Tuesday, February 17, 2009

In Chapter 11 bankruptcy, General Motors will be forced to cut more jobs and close more plants

I covered the federal bankruptcy court in Oklahoma City for 10 years and watched some big companies go through the ringer of reorganization.

General Motors probably will be forced to file for bankruptcy. There is no real public support for a $30 billion loan for bad decision making and union and corporate greed.

Once in bankruptcy, creditors -- for GM, its bond holders -- control the game, and they are going to make the kind of deal that gives them the most immediate and full payback. And the judge will simply follow the bankruptcy code that allows them to do so.

Creditors will not care about communities such as Spring Hill, TN., or others across the country with GM plants. The Spring Hill plant is considered one of GM's most efficient, so that could work in its favor. But the sharp decline in consumer spending -- which is only going to worsen -- makes every plant vulnerable.

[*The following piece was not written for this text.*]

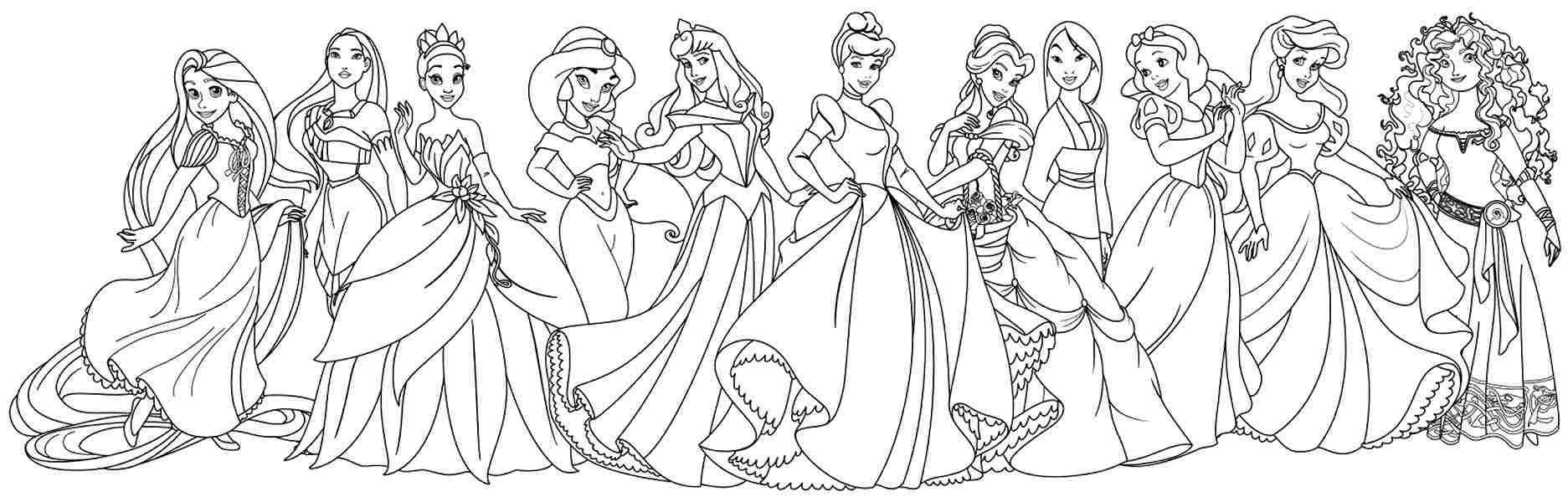 Free printable disney princesses coloring pages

GM says it will eliminate 20,000 jobs in the U.S. and close five plants in hopes of wooing Washington to loan it money. You can add another 10,000 jobs in cuts and two more plants if creditors drive the deal in bankruptcy court. And higher wages and benefits will also fly out the window. Bankruptcy law allows for such agreements to be eliminated no matter what workers have voted for.

I believe as Rick Santelli of CNBC. He says there is no prohibition in the U.S. Constitution against a company going under, or a big bank, or an industry. Newspapers are falling, too. Workers who lose their jobs must re-adjust, as must communities. Any work is good work if it brings money in.

Hard times require hard realities, even for auto workers and giants such as General Motors.